Stored data -
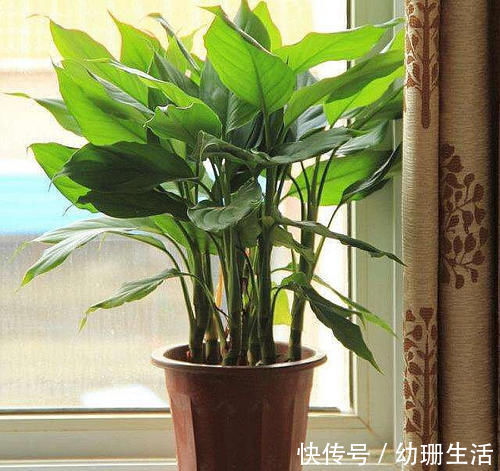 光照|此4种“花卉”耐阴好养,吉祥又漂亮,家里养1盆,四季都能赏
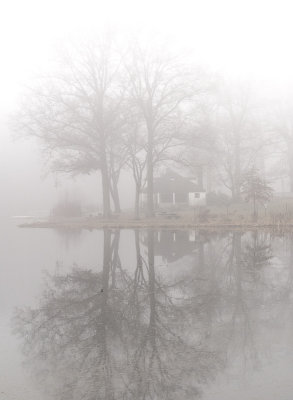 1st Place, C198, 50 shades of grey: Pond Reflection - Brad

* * *

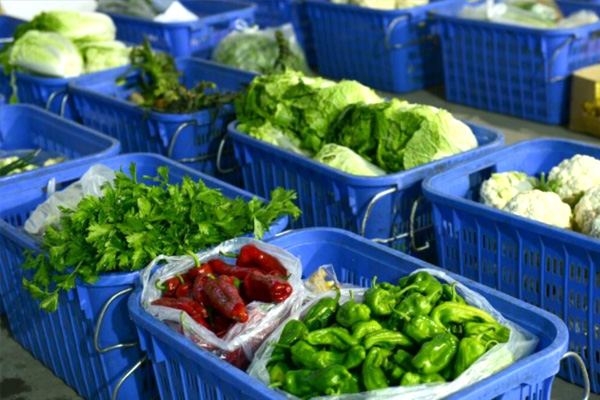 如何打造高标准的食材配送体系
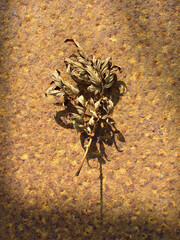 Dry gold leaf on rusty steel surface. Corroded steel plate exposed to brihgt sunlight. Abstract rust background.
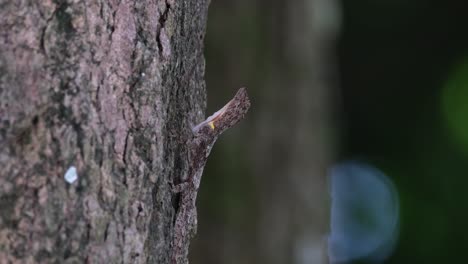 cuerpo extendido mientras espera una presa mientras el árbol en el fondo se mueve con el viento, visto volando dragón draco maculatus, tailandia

The task - Could the stretch from the line with "Dry gold leaf" through the line with "cuerpo extendido mientras" in the listing above be restated word for word, minus the pictures?

Finished task -
 Dry gold leaf on rusty steel surface. Corroded steel plate exposed to brihgt sunlight. Abstract rust background.
 cuerpo extendido mientras espera una presa mientras el árbol en el fondo se mueve con el viento, visto volando dragón draco maculatus, tailandia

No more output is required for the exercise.